Stimulus Sunday swells attendance at Carolina Churchcomment (0)
June 4, 2009
Carolina Baptist Church, Andalusia, always gets a little creative when it comes time for its Sunday School attendance campaigns.
“We usually try to have at least one big push a year,” said Matt Brady, pastor of the Covington Baptist Association church since 2005. “We usually have one in the spring and one in the fall. We try to play off things in the media that are popular at the time.”
One time, it was a fishing tournament theme, complete with bass boat parked in front of the church. It was kind of a cast-your-net type deal. And then there was Homerun Sunday, when everyone could wear jerseys.
“That worked real well,” Brady said before remembering another campaign with a sports theme.
This one centered on March Madness.
Sunday School classes earned points for visitors and other such things, and the class that scored the most points got to cut down a basketball net.
This year, the theme was political and the choice was obvious, Brady said.
“The thing that’s on everybody’s mind right now is the stimulus package,” he said.
So April 26, at least at Carolina Baptist, was Stimulus Sunday, with the slogan of “Stimulate your mind and study the Word. Stimulate your spirit and worship the Savior.”

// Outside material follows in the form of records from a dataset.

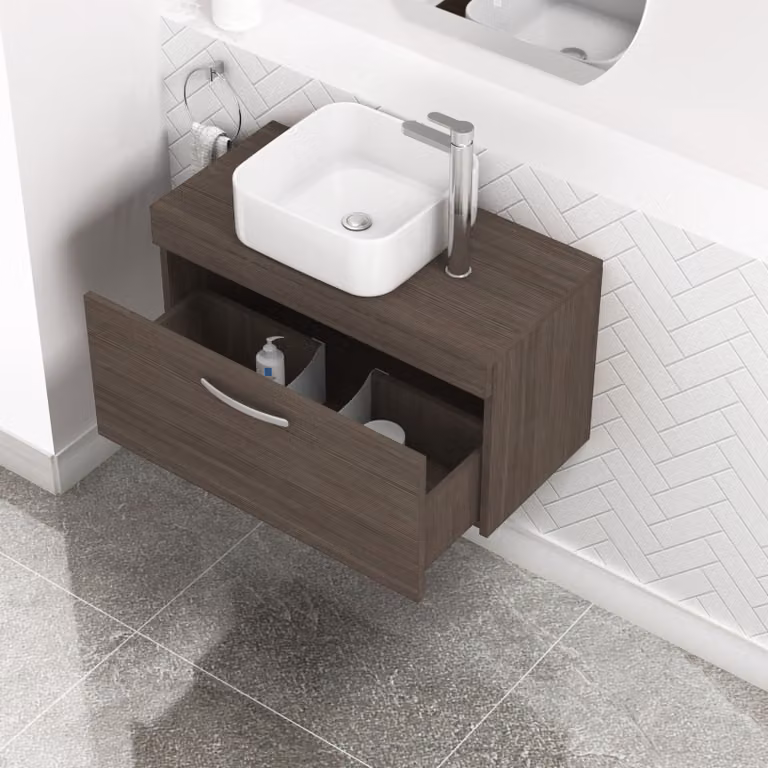 Royal Bathrooms Turin Grey Elm 1-Drawer Wall Hung Unit and White Soft Square Ceramic Countertop Basin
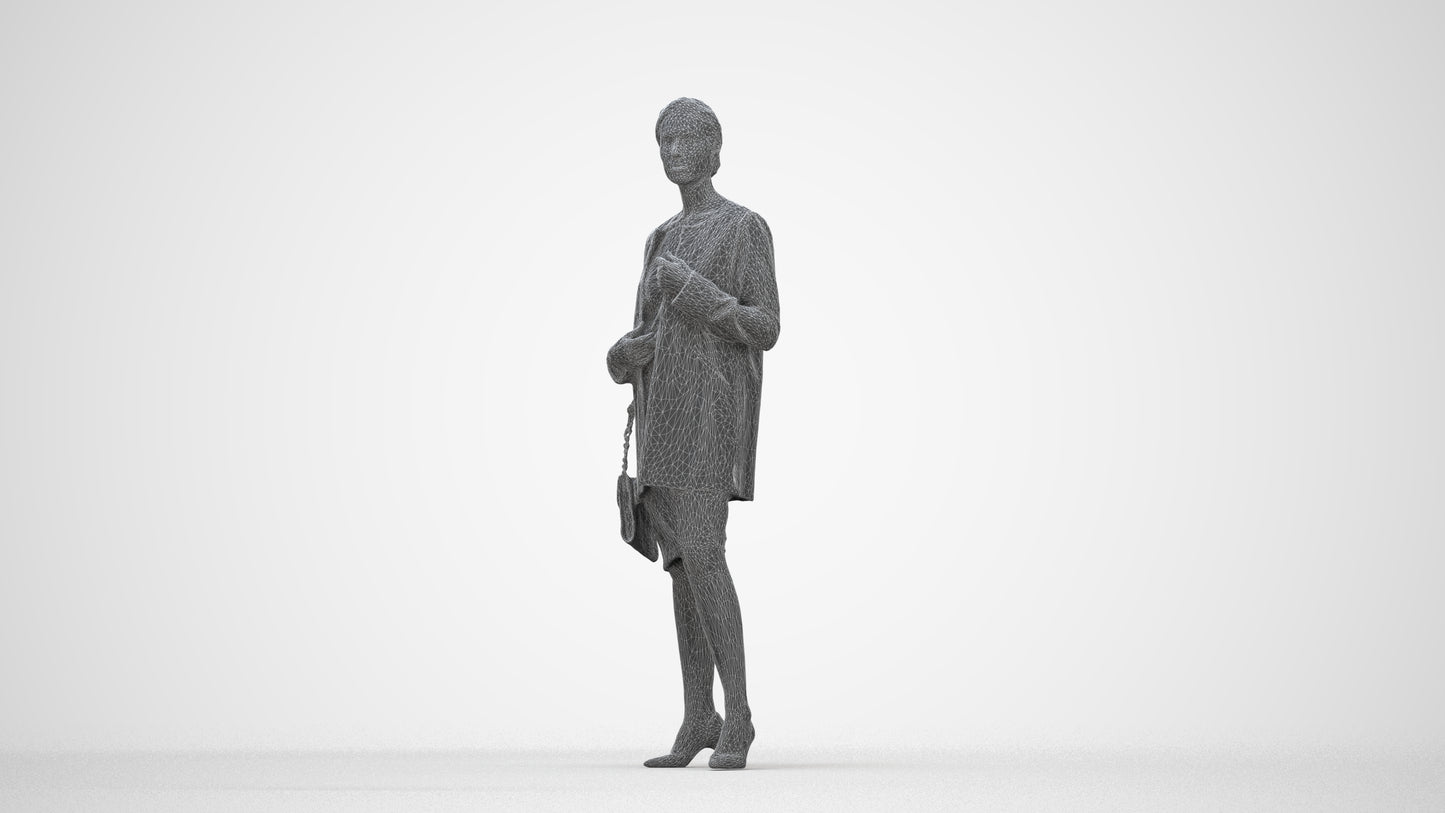 3D scanned woman standing casual, photorealistic archviz people for Enscape and SketchUp, wireframe back view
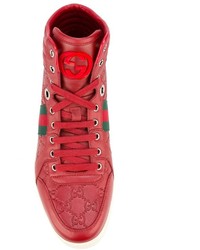 Baskets en cuir rouges Gucci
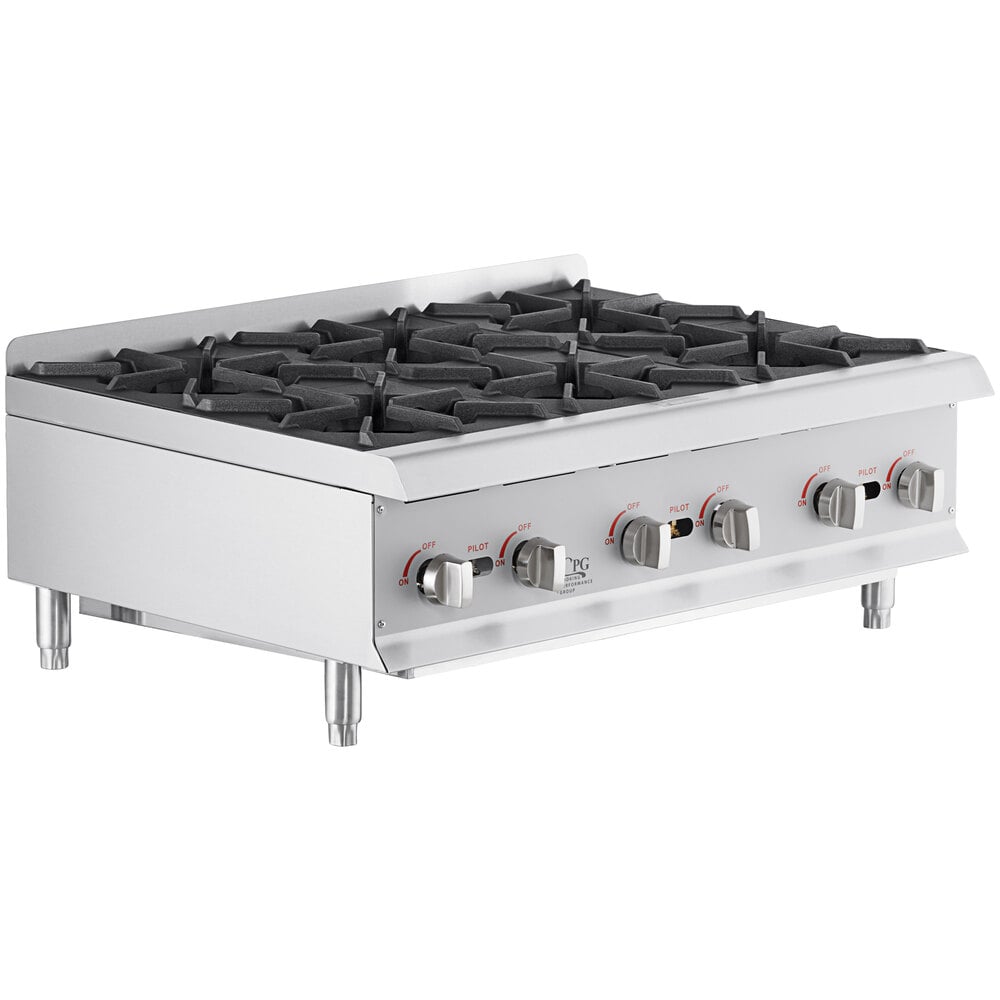 Toastmaster (TMHP6) GAS 6 Burner Countertop Hot Plate, 132,000 BTU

The church enlisted the Sunday School classes to make its three-pronged approach work.
1. Employ the Unemployed: Contact the people on the Sunday School rolls who aren’t coming. Get them to come.
2. The Bailout: Reach the spiritually bankrupt. Get at least one lost person to come.
3. The Housing Recovery Plan: Find people who aren’t currently attending a church but are saved and have been to church before. Get them to come.
Carolina Baptist averages 160 in Sunday School and its goal was 210.
“We had 209,” Brady said. “But being honest to our pro-life view, we had two expecting mothers so we had 211. If God can count them, we can, too.”
One class, the members of which had been praying and fasting since late March in preparation for the event, doubled its usual attendance.
“We usually have about 16, and we ended up with 33,” said Jimmy Cox, a nearly lifelong member of Carolina Baptist who teaches the adult couples class. “Four people had to go to another class, and one had to stand up. But we were able to share the gospel that day.”
The church was able to do a lot that day, Brady said.
And he’s looking forward to doing it again.